Regarding the GSLB schema, we selected Round Robin. Other schemas available are Weighted and Active-Passive. Regarding the health checks, the default ones were selected:

In the final step of the Global Namespace, the different services were recognized successfully including the frontend and backend services:

With this, we tested the access to the application and it showed the connection between the frontend running in the US and the backend running in EU:

Regarding the frontend service (called shopping), it was in yellow state as there weren’t any replicas running on the cloud-based Azure cluster. This is a normal condition as cloud bursting situation was not happening yet, and therefore the GSLB is in red status for the Azure part:

Automatic cloud burster details

Autoscaling represents the ability of a service to automatically scale up or down to efficiently handle changes of the service demand.

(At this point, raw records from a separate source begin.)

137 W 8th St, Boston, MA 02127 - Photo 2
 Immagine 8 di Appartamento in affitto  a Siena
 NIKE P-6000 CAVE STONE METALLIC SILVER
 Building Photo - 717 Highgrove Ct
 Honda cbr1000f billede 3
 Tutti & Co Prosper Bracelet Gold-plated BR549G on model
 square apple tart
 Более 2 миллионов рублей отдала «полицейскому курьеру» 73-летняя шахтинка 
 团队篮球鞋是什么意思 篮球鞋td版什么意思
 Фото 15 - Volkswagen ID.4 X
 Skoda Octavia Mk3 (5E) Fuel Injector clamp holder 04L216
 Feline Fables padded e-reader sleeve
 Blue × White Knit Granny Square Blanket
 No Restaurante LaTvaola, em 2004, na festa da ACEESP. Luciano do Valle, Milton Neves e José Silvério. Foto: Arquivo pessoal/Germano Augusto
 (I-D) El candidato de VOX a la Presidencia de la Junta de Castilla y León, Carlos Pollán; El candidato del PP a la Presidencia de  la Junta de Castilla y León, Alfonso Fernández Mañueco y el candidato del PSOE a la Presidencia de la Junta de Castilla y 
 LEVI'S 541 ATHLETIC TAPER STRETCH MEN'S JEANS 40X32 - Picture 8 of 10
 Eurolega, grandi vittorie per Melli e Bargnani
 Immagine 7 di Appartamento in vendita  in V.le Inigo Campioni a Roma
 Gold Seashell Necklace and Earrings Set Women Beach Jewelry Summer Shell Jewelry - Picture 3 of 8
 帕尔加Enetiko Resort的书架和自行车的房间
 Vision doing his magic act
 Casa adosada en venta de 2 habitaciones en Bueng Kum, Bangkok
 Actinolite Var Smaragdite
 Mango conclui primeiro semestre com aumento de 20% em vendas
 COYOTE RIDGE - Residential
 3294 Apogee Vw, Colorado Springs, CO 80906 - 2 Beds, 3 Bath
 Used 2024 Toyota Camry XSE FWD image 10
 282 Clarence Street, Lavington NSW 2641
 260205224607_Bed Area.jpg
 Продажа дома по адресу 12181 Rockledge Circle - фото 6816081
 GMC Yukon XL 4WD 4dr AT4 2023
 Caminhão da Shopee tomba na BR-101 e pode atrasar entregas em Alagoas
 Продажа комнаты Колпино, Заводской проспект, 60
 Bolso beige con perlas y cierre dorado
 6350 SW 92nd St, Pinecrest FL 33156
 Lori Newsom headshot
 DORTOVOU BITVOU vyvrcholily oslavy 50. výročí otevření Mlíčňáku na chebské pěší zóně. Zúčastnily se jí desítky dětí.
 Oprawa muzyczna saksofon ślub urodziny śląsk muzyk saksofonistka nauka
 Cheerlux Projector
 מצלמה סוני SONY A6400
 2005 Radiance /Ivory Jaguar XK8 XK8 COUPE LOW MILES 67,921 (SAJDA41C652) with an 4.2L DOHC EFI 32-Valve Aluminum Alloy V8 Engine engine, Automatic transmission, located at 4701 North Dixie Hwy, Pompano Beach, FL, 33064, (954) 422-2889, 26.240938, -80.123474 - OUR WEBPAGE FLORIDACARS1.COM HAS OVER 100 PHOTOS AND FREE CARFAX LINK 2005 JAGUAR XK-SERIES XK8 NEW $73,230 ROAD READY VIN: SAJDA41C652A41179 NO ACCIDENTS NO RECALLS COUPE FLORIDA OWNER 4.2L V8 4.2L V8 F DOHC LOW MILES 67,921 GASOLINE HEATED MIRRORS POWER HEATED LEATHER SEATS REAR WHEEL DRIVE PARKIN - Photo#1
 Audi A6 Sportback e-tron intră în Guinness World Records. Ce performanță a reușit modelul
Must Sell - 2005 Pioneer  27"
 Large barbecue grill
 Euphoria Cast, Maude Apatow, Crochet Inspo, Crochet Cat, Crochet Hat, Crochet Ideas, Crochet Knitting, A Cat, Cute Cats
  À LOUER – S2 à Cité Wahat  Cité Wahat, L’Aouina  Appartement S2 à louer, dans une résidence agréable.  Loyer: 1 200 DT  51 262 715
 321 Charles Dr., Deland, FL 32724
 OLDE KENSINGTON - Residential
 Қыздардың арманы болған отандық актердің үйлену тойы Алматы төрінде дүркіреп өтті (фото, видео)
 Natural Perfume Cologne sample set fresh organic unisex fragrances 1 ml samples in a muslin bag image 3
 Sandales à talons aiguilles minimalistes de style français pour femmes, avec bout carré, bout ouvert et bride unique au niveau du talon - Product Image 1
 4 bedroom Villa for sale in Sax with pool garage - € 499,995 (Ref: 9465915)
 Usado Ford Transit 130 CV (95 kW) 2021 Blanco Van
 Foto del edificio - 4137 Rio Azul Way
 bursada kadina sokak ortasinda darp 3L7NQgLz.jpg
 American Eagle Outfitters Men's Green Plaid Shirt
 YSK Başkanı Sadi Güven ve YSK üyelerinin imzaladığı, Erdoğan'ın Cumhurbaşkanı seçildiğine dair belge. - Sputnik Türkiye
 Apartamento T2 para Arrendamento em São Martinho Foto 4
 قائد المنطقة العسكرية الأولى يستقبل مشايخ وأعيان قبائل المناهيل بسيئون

With Tanzu Service Mesh Service Autoscaler, developers and operators can have automatic scaling of microservices that meet changing levels of demand based on metrics, such as CPU or memory usage. These metrics are available to Tanzu Service Mesh without needing additional code changes or metrics plugins. But this autoscaler works at cluster level, therefore we thought of a solution to extend the scaling between clusters onboarded to a TSM Global Namespace.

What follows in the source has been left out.